My guage swatch sin is not making a gauge swatch, but hten I rarely make clothing and you don’t really need to worry about guage when making toys, doilies and blankets.
I’m okay with those three, my problem is being lazy and swatching flat even though the project is worked in the round and I know that I purl looser than I knit. I use the phrase “close enough” more than I should. Also not blocking the swatch to see how much gauge will change after,
First off, Love the pink yarn. I am a non-swatcher. but, I will need to at least once this year as I want to make myself a sweater.

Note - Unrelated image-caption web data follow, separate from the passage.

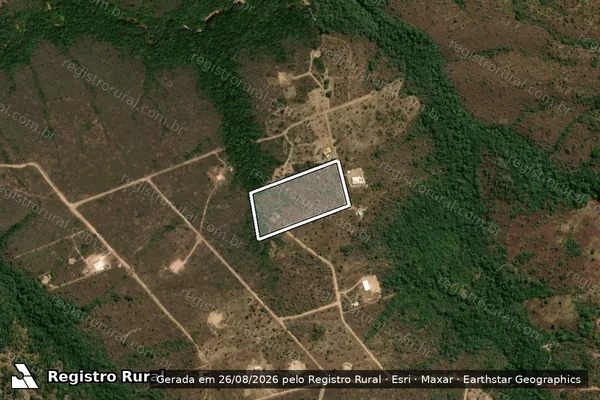 Imagem de satélite de FAZENDA PINTOS, CAPÃO REDONDO, ACABA VIDA E RETIROS - Gleba 28B em Santo Antônio do Descoberto - GO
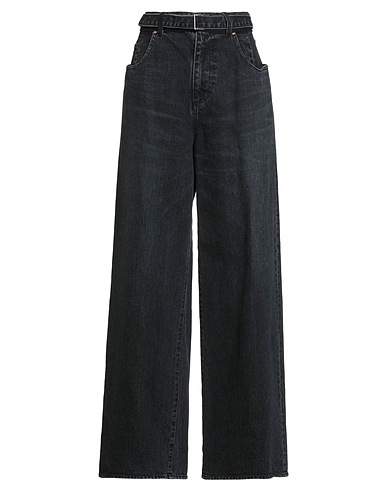 SACAI Denim trousers Black 100% Cotton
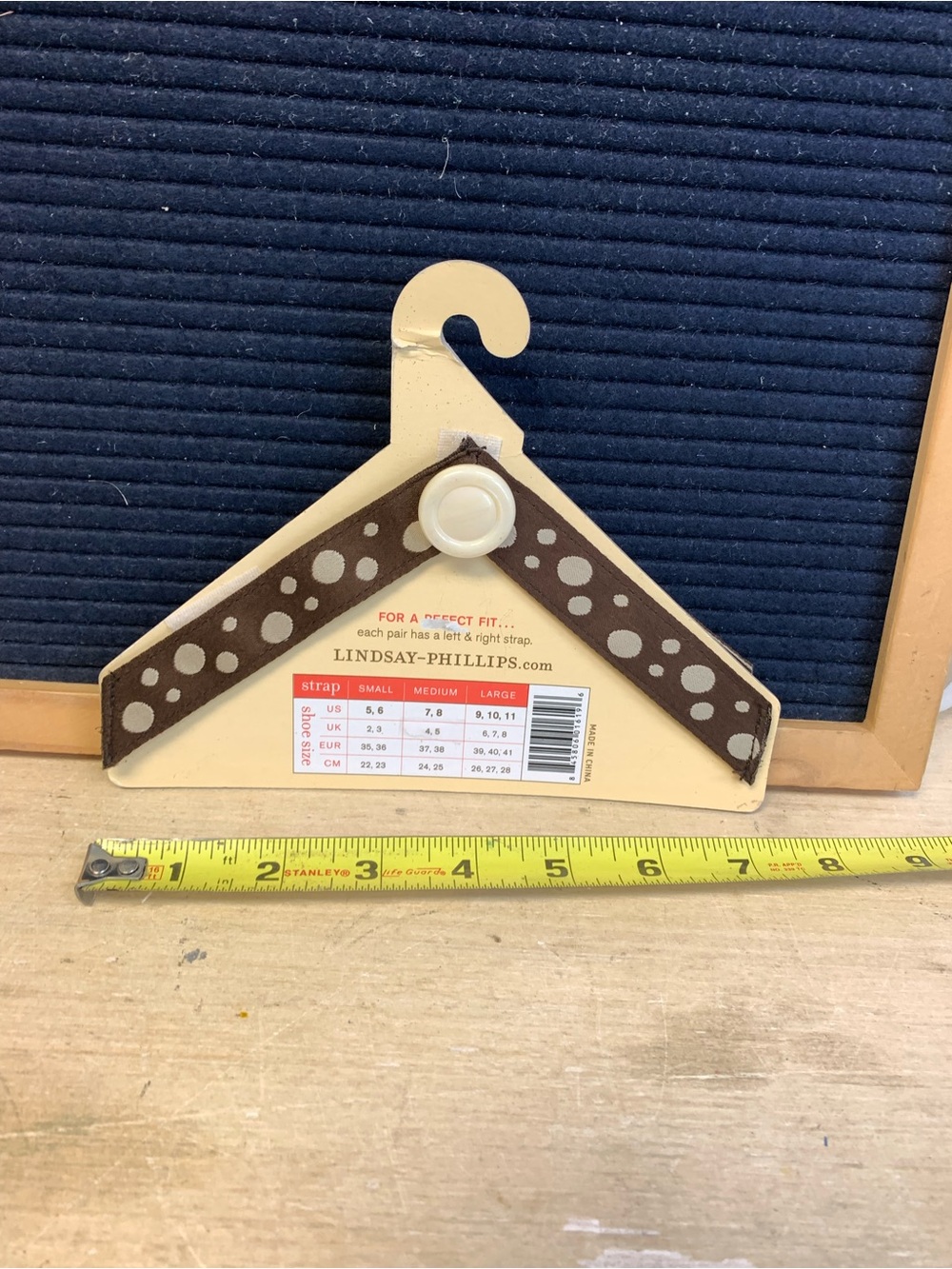 lindsay phillips Brown with Cream Polka Dot Decorative Wall Hook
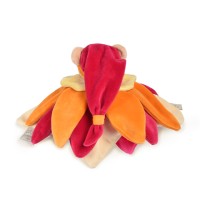 Doudou Fleur Collector Jaune/Orange- 25 cm - Réédition limitée et numérotée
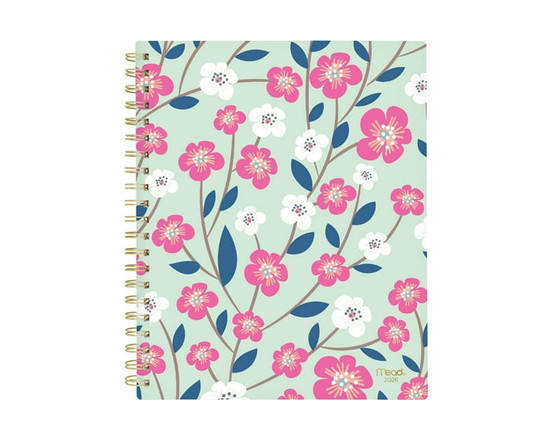 2026 Mead® Spring Floral Larg Weekly Planner - 8-1/2" x 11"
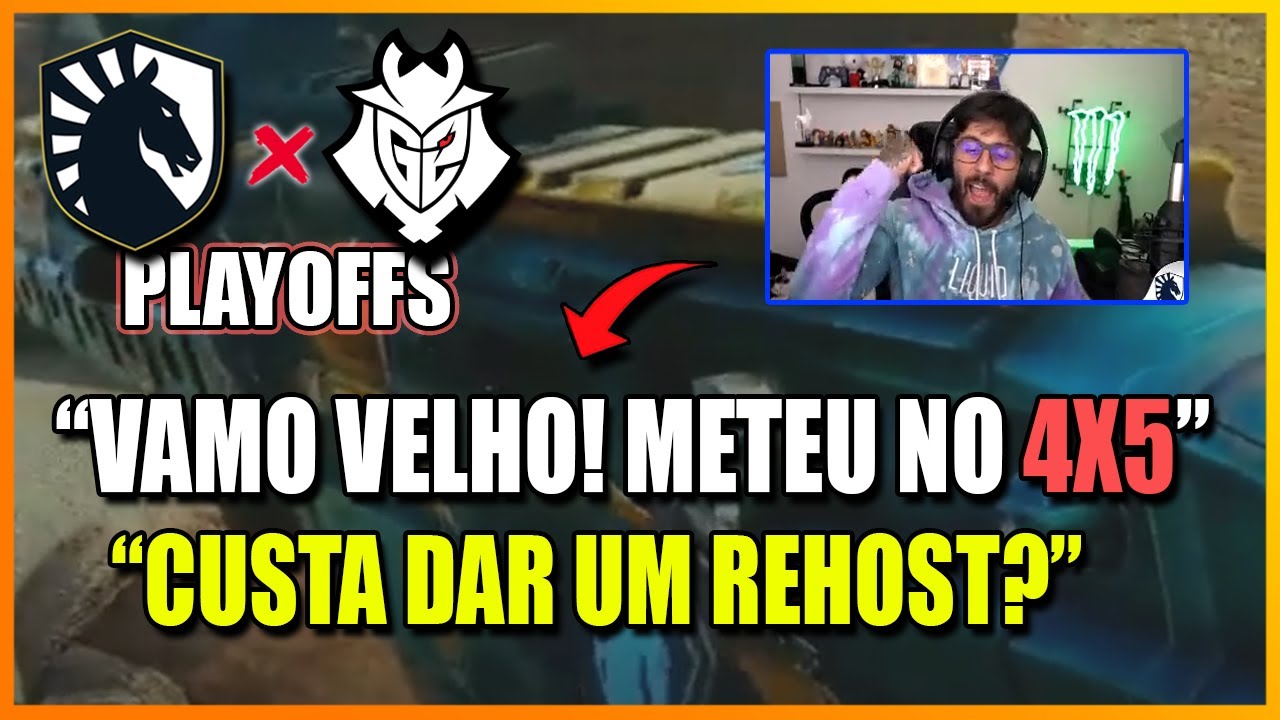 ZIG REAGINDO AO ROUND DA VITÓRIA DA LIQUID COM UM A MENOS - R6 CLIPS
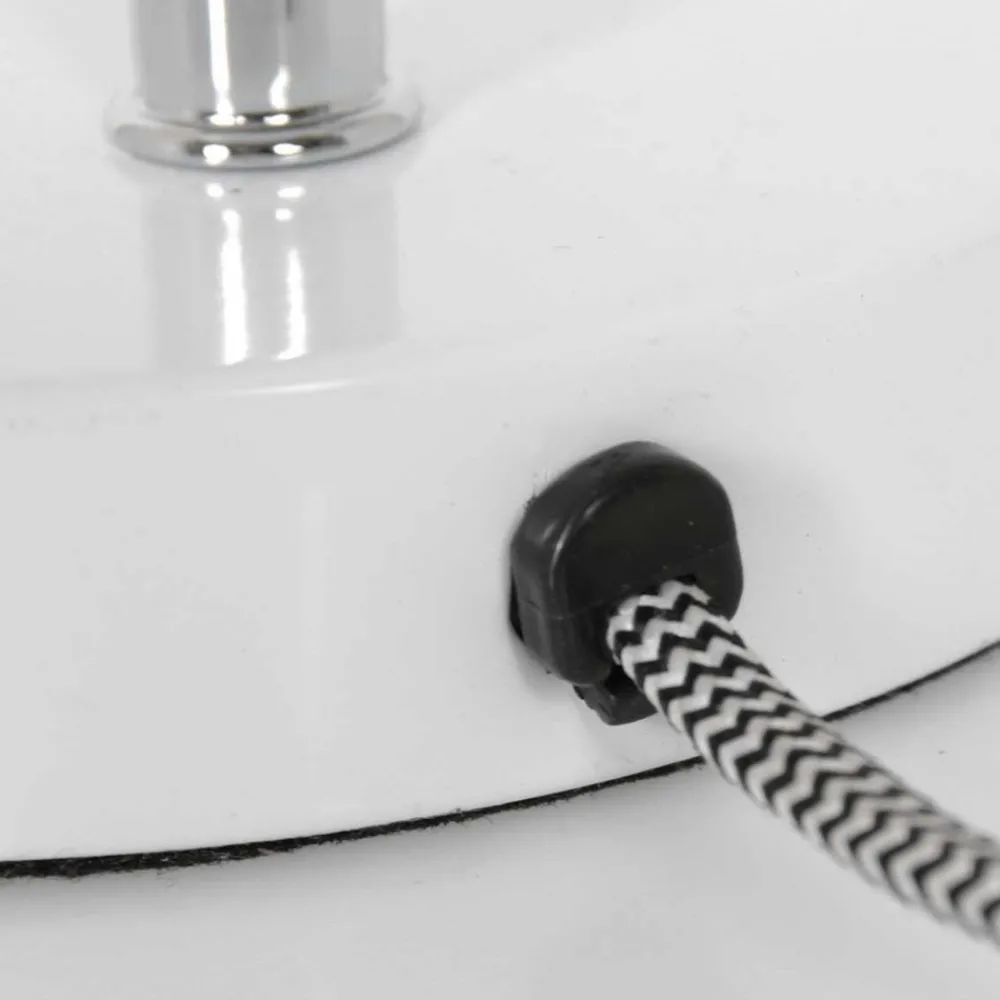 Steinhauer Bordlampe med fjær, hvit, metall, fleksibel arm, med bryter Hot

Will have to swatch.
I bought this very expensive yarn I love for easy peasy sock pattern but have to go from 40 cast on to 80 using number I-2 needle not sure( 2nd hand) so turning heel and gusset decreases and increases a BIG problem. help?????
I released the Easy Peasy Sock pattern for beginners who wanted to do their first sock in worsted weight yarn. If you’re interested in doing a sock with fingering weight yarn, I recommend purchasing a pattern that specifically calls for that weight of yarn instead of modifying the pattern. I love Churchmouse Yarn’s basic sock pattern.
I’m trying to crochet my first sweater and the gauge calls for 15 stitches and 12 rows of alternating sc and dc rows in a 4” square. So far I’m getting the 15 stitches, but 12 rows leaves me with a 4×4.5” rectangle. What am I doing wrong?
Check your dc! A lot of people turn it into a treble an call it double. Double means pull through twice only so: yo, m1, pull the yarn through first two sts then second time through two, that’s dc.